===== Records for the exercise =====
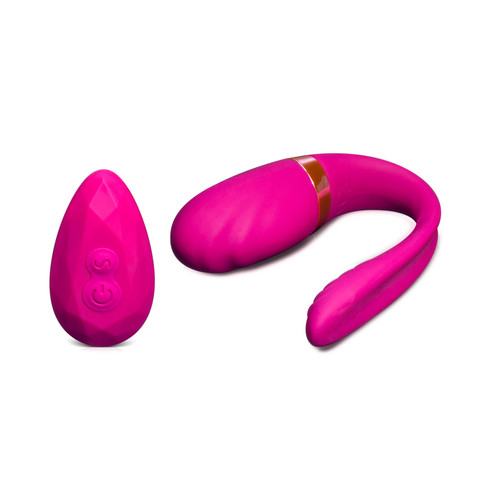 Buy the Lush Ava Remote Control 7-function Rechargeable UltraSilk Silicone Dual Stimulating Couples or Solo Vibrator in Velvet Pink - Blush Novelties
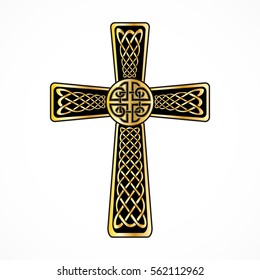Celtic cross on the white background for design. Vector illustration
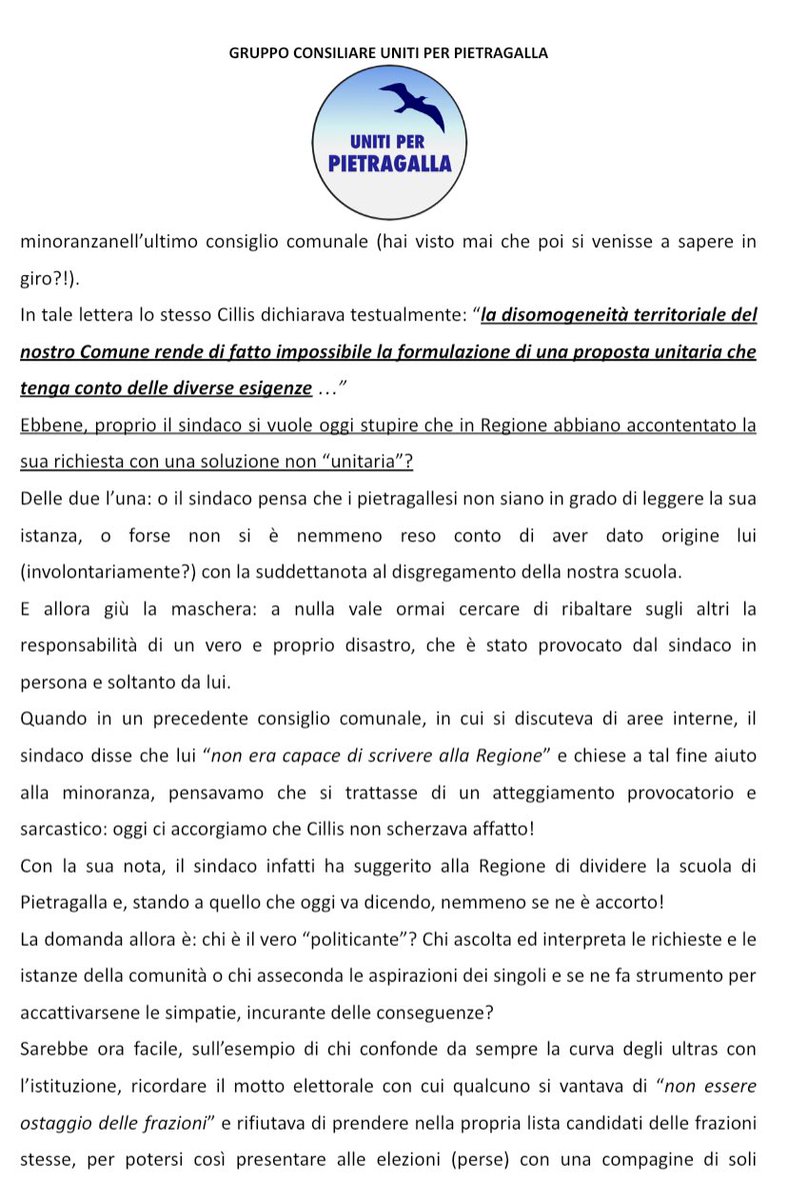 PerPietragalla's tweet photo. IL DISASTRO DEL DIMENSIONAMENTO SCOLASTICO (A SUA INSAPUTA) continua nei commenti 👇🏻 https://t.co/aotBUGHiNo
=====
===== Records for the exercise =====
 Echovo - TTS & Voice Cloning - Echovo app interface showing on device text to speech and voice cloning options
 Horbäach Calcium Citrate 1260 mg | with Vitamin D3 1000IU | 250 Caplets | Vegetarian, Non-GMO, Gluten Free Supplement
=====
* [Directions for this task] Transcribe, word for word, the lines of the listing above from the one that contains "Buy the Lush" through the one that contains "PerPietragalla's tweet photo.", keeping both ends and dropping the pictures.

* [Solution for this exercise]
 Buy the Lush Ava Remote Control 7-function Rechargeable UltraSilk Silicone Dual Stimulating Couples or Solo Vibrator in Velvet Pink - Blush Novelties
Celtic cross on the white background for design. Vector illustration
 PerPietragalla's tweet photo. IL DISASTRO DEL DIMENSIONAMENTO SCOLASTICO (A SUA INSAPUTA) continua nei commenti 👇🏻 https://t.co/aotBUGHiNo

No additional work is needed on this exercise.